La holding Edizioni disposta a cedere il controllo purché questo risponda a una logica industriale e in prospettiva porti valore a tutti gli stakeholders coinvolti.

di Laura Galvagni

(Ansa)

2' di lettura

Edizione non ha mai fatto del concetto di controllo una bandiera. In passato, anche in quello più recente, ha messo sul piatto il proprio ruolo di azionista di maggioranza di Atlantia e a cascata di Autostrade per l’Italia con l’obiettivo di superare l’impasse venutasi a creare attorno al tema della revoca della concessione ad Aspi. Oggi come allora la holding della famiglia Benetton è pronta a fare un passo indietro purché questo risponda a una logica industriale e in prospettiva porti valore a tutti gli stakeholders coinvolti.

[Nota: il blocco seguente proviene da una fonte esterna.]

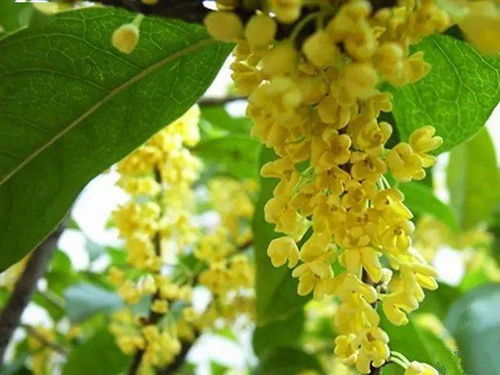 桂花冬天怎么拆分？保留花蕊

Questa è la linea assunta da Ponzano Veneto, secondo fonti vicine al dossier. Linea nota ma rilanciata nelle ultime ore per mandare un messaggio chiaro al governo ora che l’esecutivo ha ripreso in mano il dossier “revoca” e punta a chiuderlo a stretto giro: Aspi e Atlantia sono pronte a venire incontro alle pretese politiche purché le richieste permettano di preservare l’equilibrio economico e finanziario delle due realtà e nel ridisegnare l’assetto azionario si accantoni qualsiasi velleità di “esproprio” o “nazionalizzazione mascherata” degli asset. In altre parole Atlantia è disposta a scendere sotto il 50% di Autostrade vendendo fino al 60% della compagnia ma solo nel caso in cui questo avvenga attraverso un’operazione di mercato. Lo stesso vale per Edizione che, come peraltro era già stato ventilato in passato, potrebbe ridurre la propria quota nella holding, ora al 30%, favorendo l’ingresso di un investitore, nei mesi scorsi si era parlato di Cdp e non è detto che quell’ipotesi non possa essere rispolverata. Quel che preme è che sia su Aspi sia su Atlantia, a prescindere da quale possa essere l’interlocutore finale, si tratti di un soggetto strategico che abbia interesse industriale e valuti l’asset secondo canoni ordinari e non da saldi di fine stagione. Per capirci, non è pensabile che Autostrade venga valutata meno del debito che ha in pancia, ossia circa 10 miliardi. Se così fosse di fatto la società sarebbe automaticamente in default, almeno sulla carta, e non si tutelerebbero gli azionisti delle aziende coinvolte.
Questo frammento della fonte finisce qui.